Collectively, based on the reported crystal structure of wtA3A and the characterized region that is critical to the substrate preference and enzyme activity of wtA3A, we engineered and generated a series of A3A mutant proteins (eA3A-1 to eA3A-9). Three eA3A proteins (eA3A-2, eA3A-5 and eA3A-6) exhibit effective deamination activity toward C/5mC but show no deamination activity toward 5hmC in GC and AC sites. Likewise, the other three eA3A proteins (eA3A-7, eA3A-8 and eA3A-9) exhibit effective deamination activity toward C/5mC but show no deamination activity toward 5hmC in TC and CC sites. As for the underlying mechanism of the changed substrate preference of eA3A-5 and eA3A-9, the crystal structures of eA3A-5 and eA3A-9 should be obtained, which can be carried out in future studies.
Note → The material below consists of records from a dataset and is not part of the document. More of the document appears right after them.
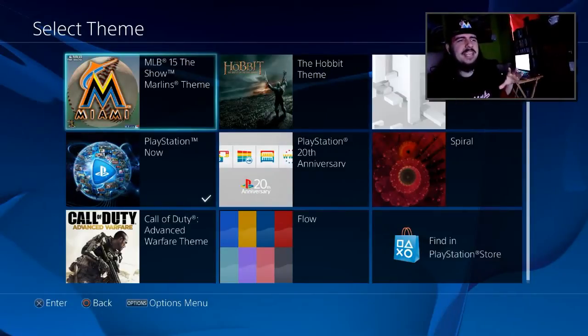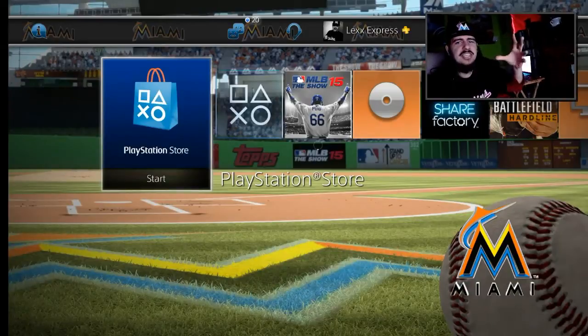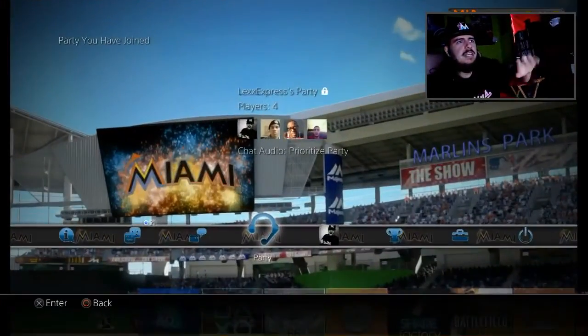So obviously I got the Miami Marlins dynamic theme, and we're going to equip it right now so you guys can see. Look at that right there, looking real nice. Now this is a screenshot of the theme — the ball is actually rotating. It actually looks like a dynamic theme. It's live.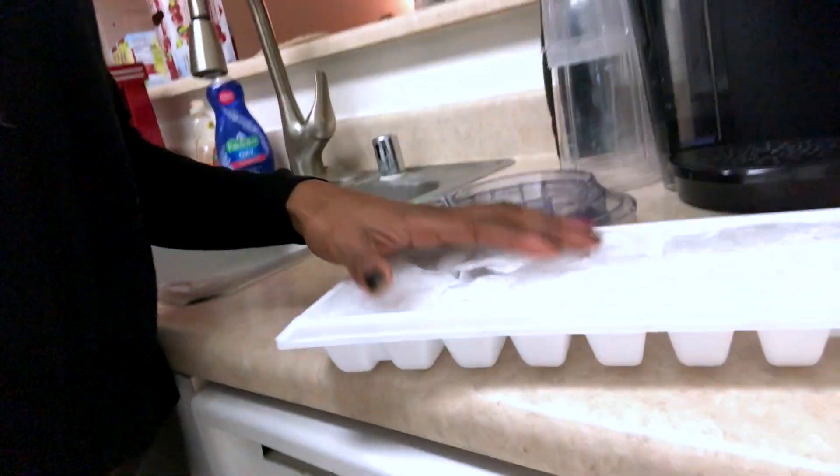Oh, I almost dropped it. So this is how the carbonated ice looks in the ice tray. You notice how we actually underfilled each tray cube and it actually got bigger. I guess technically water always expands, but the carbonated ice gets extra fluffy.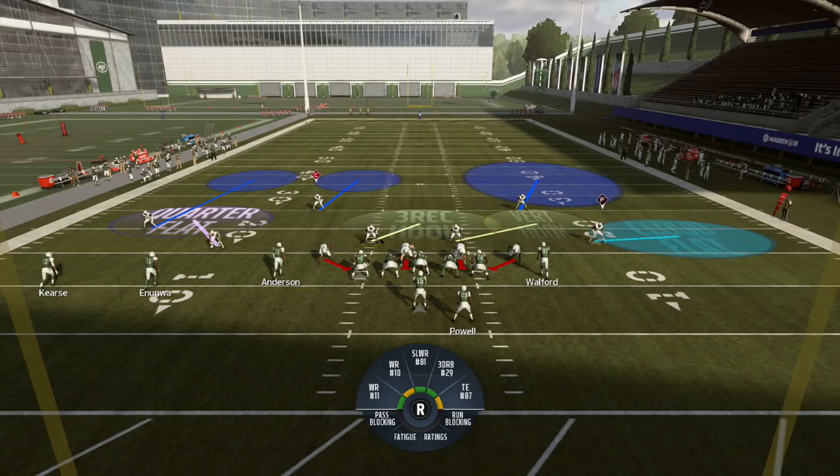What's up guys, Waikia31 here. Madden 19 — this is my second coverage video going over some match coverage rules and logic. It's going to build off the first video I did. If you haven't watched that, I've included the link below. In this one, I'm going to talk about the differences between Cover Six and Cover Six Invert.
Quantitative and site-specific detection of 5hmC in DNA by EDM-seq

After characterization of the deamination properties of these eA3A proteins toward C, 5mC and 5hmC, we proposed an engineered deaminase-mediated sequencing (EDM-seq) method for the quantitative detection of 5hmC at single-nucleotide resolution (Fig. 3). In this method, two eA3A proteins, eA3A-5 and eA3A-9, were employed as the deaminases for the deamination reaction. According the aforementioned properties of eA3A proteins, eA3A-5 is able to totally deaminate C/5mC but shows no deamination activity toward 5hmC in GC and AC sites, while eA3A-9 is able to totally deaminate C/5mC but shows no deamination activity toward 5hmC in TC and CC sites. In addition, a similar deamination of 5mC in both C5mC and 5mC5mC sites (or resistance to deamination of 5hmC in C5hmC and 5hmC5hmC sites) can be obtained by eA3A-9 (ESI Fig. S11). Therefore, the combined use of eA3A-5 and eA3A-9 could offer the direct detection of 5hmC in various sequence contexts, including GC, AC, TC and CC sites (Fig. 3).
image file: d2sc01052f-f3.tif
Fig. 3 Schematic illustration of the EMD-seq method. (A) After eA3A-5 treatment, C and 5mC in GC and AC sites were deaminated and read as T, while 5hmC was not deaminated and read as C. (B) After eA3A-9 treatment, C and 5mC in TC and CC sites were deaminated and read as T, while 5hmC was not deaminated and read as C. The combined use of eA3A-5 and eA3A-9 enables the quantitative and site-specific detection of 5hmC in DNA within various sequence contexts.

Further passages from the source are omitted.